2) Multifamily refinancing wave remains a headwind
REBusinessOnline outlines a heavy wave of multifamily loan maturities concentrated in 2026, a legacy of low-rate financing secured during 2020-2021. With elevated interest rates, some owners will face difficult refinance choices that could drive sales or distressed dispositions.
This is the picture you can't ignore, because refinancing outcomes will affect transaction volumes, cap rates and REIT balance sheets as you evaluate risk across the sector.
3) Active deal flow across CRE subsectors
Transaction and leasing activity continued: a $5 million Clovis 7-Eleven sale completed through a 1031 exchange, a landlord secured a 163,336-square-foot industrial lease in Ontario, and Elliott Management bought a Miami-area hotel for about $110 million. Colliers handled a $7.1 million sale of a school facility repurposed for special-needs education.

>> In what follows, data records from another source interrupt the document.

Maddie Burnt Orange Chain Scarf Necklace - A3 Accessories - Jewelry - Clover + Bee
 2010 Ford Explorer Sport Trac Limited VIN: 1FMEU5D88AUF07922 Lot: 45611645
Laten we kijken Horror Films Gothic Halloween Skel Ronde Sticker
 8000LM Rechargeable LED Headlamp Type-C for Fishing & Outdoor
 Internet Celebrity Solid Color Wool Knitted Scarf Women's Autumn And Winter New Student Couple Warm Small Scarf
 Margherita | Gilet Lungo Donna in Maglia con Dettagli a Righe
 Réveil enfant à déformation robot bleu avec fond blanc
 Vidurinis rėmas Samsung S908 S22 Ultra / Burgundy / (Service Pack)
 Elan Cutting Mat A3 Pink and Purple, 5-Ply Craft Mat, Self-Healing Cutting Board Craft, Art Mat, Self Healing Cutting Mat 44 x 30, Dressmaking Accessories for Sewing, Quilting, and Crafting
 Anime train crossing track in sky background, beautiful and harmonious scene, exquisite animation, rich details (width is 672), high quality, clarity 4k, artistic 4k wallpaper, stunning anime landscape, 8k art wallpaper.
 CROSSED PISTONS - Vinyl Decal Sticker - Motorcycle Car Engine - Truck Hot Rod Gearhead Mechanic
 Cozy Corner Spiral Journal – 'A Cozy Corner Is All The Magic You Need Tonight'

These deals suggest selective confidence by private and institutional buyers, particularly in necessity-based retail, industrial logistics, and mission-driven property reuse.
What to Watch
Focus on near-term catalysts that can shift the narrative for the sector. You should keep an eye on refinancing activity and policy moves.
- Multifamily loan maturities: Track lender behavior and the pace of refinances versus workouts. How aggressively will lenders modify terms, and will capital preserve ownership or push sales?
- Mortgage rates and affordability: Continued movement in the 10-year Treasury or Fed commentary will influence mortgage pricing and buyer demand.
- HUD and municipal policy: The HUD proposal to permit multi-story manufactured homes without a permanent chassis could lower construction costs by $5,000 to $10,000 per unit and expand supply. At the same time, federal actions such as the suspension of HUD funding for a Los Angeles homeless services agency create policy risk for local housing programs.
- Transaction activity: Watch for further opportunistic purchases and corporate leases, especially in industrial, grocery-adjacent retail, and adaptive reuse sectors.
Bottom Line
- Housing momentum is real, as pending sales rose year over year while inventory has tightened, supporting price resilience in many markets.
- Commercial deal flow remains active in targeted niches, including necessity retail, industrial, education reuse, and hospitality acquisitions.
- At the same time, a heavy multifamily loan maturity wall and elevated interest rates are significant headwinds that could trigger sales or loan restructures.
- Policy shifts, notably HUD’s manufactured-home proposal and federal scrutiny of local homeless agencies, will shape affordability and public funding dynamics.
- Take a selective approach when assessing exposure, and monitor refinancing outcomes and local supply trends closely.
FAQ Section
Q: How much did pending home sales change year over year? A: Pending sales rose to 75,856 in 2026 from 72,039 in 2025, according to HousingWire.
Q: What portion of multifamily mortgages mature in 2026? A: The Mortgage Bankers Association estimates about 13% of multifamily mortgages will mature in 2026, creating refinancing pressure for owners.
Q: Could HUD's proposed manufactured-home rule affect housing supply? A: Yes, allowing upper sections without a permanent chassis could reduce costs by roughly $5,000 to $10,000 per unit and may expand options for multi-story manufactured housing.